We thank the reviewers for their helpful comments. In
our paper, we develop memoized online variational bayes (MO-VB), an
inference algorithm that does not require any learning rate and is
insensitive to batch size. Compared to alternative methods like stochastic
online variational (SO-VB), our approach delivers much more consistent
performance without the need for extensive parameter tuning. We would like
to emphasize that while our approach builds on a rich variational
inference literature, it differs in several key respects which are crucial
to its scalability, robustness to initialization (via birth-merge moves),
and applicability to nonparametric models.
NOVELTY VS. NEIL &
HINTON (R1): In some sense, all modern work on variational methods
follows closely from the ideas in Neal & Hinton (and various tutorials
by Jordan and colleagues, and decades-older work in statistical physics).

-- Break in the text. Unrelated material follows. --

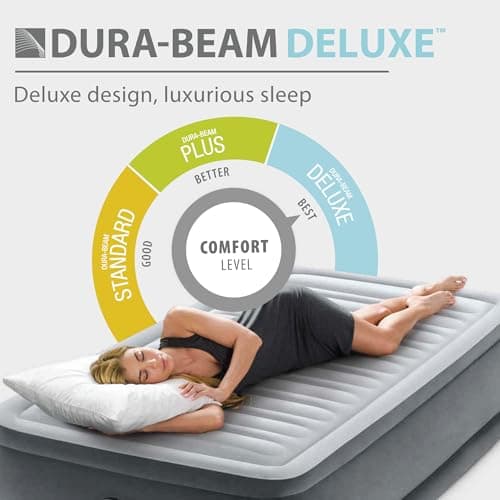 Intex 67765ED Dura-Beam Deluxe Comfort-Plush Mid-Rise Air Mattress : Fiber-Tech – Twin Size – Built-in Electric Pump – 13in Bed Height – 300lb Weight Capacity — view 3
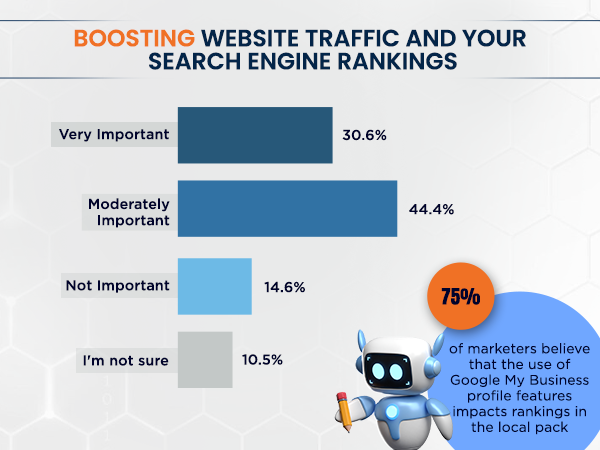 Boosting Website Traffic And Your Search Engine Rankings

But there are several novel contributions which do not follow easily,
including: * The nested family of truncations which allows these ideas
to be correctly applied to Bayesian nonparametric models. * The
practical demonstration that compared to SO-VB, the MO-VB approach is
simpler (in implementation and parameter tuning), equally scalable, and
often more accurate. * The development of birth-merge moves which
operate on batches of data, but nevertheless avoid local optima and (in
the case of merges) are guaranteed to increase the full-data likelihood
bound. * Achieving all of this in a framework that is directly
applicable to a broad range of models.
CODE (R5 & R6): We
are pleased that the reviewers show interest in the code for our
algorithms. We are in fact working on an open source, Python software
package which implements the various inference frameworks compared in this
paper for a range of Bayesian nonparametric models (mixture models, topic
models, relational models, time series models, etc.). This code will be
publicly released.
EXPERIMENTAL COMPARISONS (R1 & R5): *
Bryant & Sudderth, NIPS 2012 [4]: In line 347, we do compare our merge
moves (which have provable guarantees to improve the ELBO) to the merges
found in [4], which use only the current minibatch and have no
whole-dataset guarantees. We find that [4]'s merges can cause the ELBO to
drop significantly, as shown in Fig. 2's "GreedyMerge" traces. * Wang
& Blei, NIPS 2012 [12]: This work relies on a local collapsed Gibbs
sampler to create new components. Such samplers are widely known to be
slow to add needed components (and become less effective as dataset size
grows). In some internal experiments, we replaced the batch VB in the
creation step of the birth move with a collapsed gibbs sampler, and found
that speed was slower and performance worse (sometimes slightly, sometimes
substantially). We excluded these comparisons due to space constraints.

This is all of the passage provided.